L’heure est grave. Le moment est venu pour que toutes les institutions nationales s’expliquent devant la Nation. Plus particulièrement le Président de la République en sa qualité de garant de la Nation.

L’inquiétude grandit chaque jour. Les nouvelles ne sont pas du tout rassurantes dans l’Est, particulièrement au Kivu où les combats ont repris de plus belle. L’intégrité territoriale est actuellement menacée et l’on enregistre des nouvelles inquiétantes et révoltantes: La partition du pays serait en train de se mettre en place avec le concours des forces occultes. Et toujours cette question lancinante. Pourquoi cette guerre perdure? Les FARDC sont-elles réellement incapables d’assurer L’intégrité territoriale et neutraliser toutes les forces négatives ? Si les FARDC n’arrivent pas à assurer leur mission de protéger les personnes et leurs biens, en même temps de sauvegarder l’intégrité territoriale, qui d’autre le ferait ? A quoi ont servi alors toutes ces réformes, ces sommes importantes débloquées pour une logistique adéquate?
L’heure est grave. Le moment est venu pour que toutes les institutions nationales s’expliquent devant la Nation. Plus particulièrement le président de la République en sa qualité de garant de la Nation, le gouvernement; le chef d’Etat major général des FARDC, les responsables des renseignements militaires et civils, la Monuc. La sécurité de personnes, de leurs biens, l’intégrité territoriale d’un Etat, d’une Nation ne se marchandent pas.
Sécurité au plan militaire, mais aussi sécurité sociale. Sur ce dernier front, la situation est également chaotique. Pas de rentrée scolaire, grève dans le secteur de la Santé, grogne dans les entreprises privées. Pas une lueur de solution à l’horizon. La première session du cadre permanent pour le Dialogue social n’était qu’un feu de paille. D’ailleurs, le contraire aurait surpris. Cette structure n’est nullement une “ boîte à solutions miracles ” pour autant qu’elle n’en a ni le pouvoir ni les moyens, son rôle étant purement consultatif.
Mais comment expliquer que le gouvernement ne soit pas capable de se prononcer clairement ? Pas de réunion de “ cabinet de crise ” pour rassurer les populations. En lieu et place, l’on se contente des actes déplacés qui ne soulignent que l’irresponsabilité du gouvernement devant des situations aussi gravissimes et aux conséquences imprévisibles. Pourquoi s’adonner à des actions hvper-médiatiques avec la distribution des cahiers dans des écoles ciblées alors que le secteur de l’enseignement primaire et secondaire est en grève?

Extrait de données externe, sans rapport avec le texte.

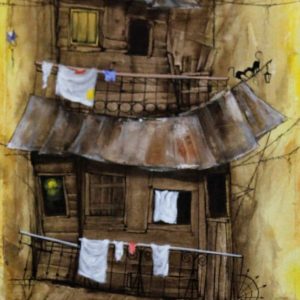 The Waiting 2 / La Espera 2 Jorge Ruiz Vinent Artist at Ryazanoff Gallery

Non ! il est de ces manifestations que l’on ne peut jamais se le permettre devant des cas interpellateurs qu’est la grève des médecins et des enseignants. En pareilles circonstances, il revient au gouvernement de privilégier le dialogue constructif pour aboutir rapidement, comme on l’a fait avec les politiques, à une solution durable que de mépriser les agents principaux: enseignants et parents, par des actions individuelles sans impact positif sur la paix sociale et la qualité de l’enseignement. Cette approche indigeste de saupoudrage, force est de le souligner, dégage manifestement l’incapacité ou l’insouciance du gouvernement à trouver des solutions rapides, mais satisfaisantes dans tous les domaines de la vie sociale.
Insécurité le long des frontières. Insécurité sociale. Insécurité alimentaire. C’est le moment où jamais d’assurer la sécurité intégrale au sens large du terme, au peuple congolais. C’est le moment de justifier tout ce “ bonus ” des finances publiques dans l’exécution du budget de l’Etat que l’on a brandis pour s’attaquer à ces problèmes d’une extrême importance. Il y va désormais de la stabilité du pays et de ses institutions nationales.